= Problem details =
The line containing "Restaurante El Tascón De La Prensa" marks the end: quote every line from the start of the records below through it, word for word.

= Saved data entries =
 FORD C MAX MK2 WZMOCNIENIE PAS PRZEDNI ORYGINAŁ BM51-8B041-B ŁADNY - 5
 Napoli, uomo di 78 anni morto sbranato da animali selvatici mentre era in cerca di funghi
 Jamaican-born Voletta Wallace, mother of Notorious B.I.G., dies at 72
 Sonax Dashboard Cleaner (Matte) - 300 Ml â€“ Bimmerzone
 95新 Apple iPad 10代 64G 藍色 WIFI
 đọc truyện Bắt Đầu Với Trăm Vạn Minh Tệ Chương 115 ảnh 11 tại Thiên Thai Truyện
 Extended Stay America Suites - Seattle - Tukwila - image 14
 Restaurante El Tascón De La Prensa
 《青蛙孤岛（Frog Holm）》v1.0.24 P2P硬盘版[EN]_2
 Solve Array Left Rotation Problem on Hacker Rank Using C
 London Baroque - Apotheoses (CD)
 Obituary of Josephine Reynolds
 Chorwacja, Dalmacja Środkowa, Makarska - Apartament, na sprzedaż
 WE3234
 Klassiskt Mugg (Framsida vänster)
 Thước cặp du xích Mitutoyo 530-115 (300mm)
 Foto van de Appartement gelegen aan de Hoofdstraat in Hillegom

= Task answer =
 FORD C MAX MK2 WZMOCNIENIE PAS PRZEDNI ORYGINAŁ BM51-8B041-B ŁADNY - 5
 Napoli, uomo di 78 anni morto sbranato da animali selvatici mentre era in cerca di funghi
 Jamaican-born Voletta Wallace, mother of Notorious B.I.G., dies at 72
 Sonax Dashboard Cleaner (Matte) - 300 Ml â€“ Bimmerzone
 95新 Apple iPad 10代 64G 藍色 WIFI
 đọc truyện Bắt Đầu Với Trăm Vạn Minh Tệ Chương 115 ảnh 11 tại Thiên Thai Truyện
 Extended Stay America Suites - Seattle - Tukwila - image 14
 Restaurante El Tascón De La Prensa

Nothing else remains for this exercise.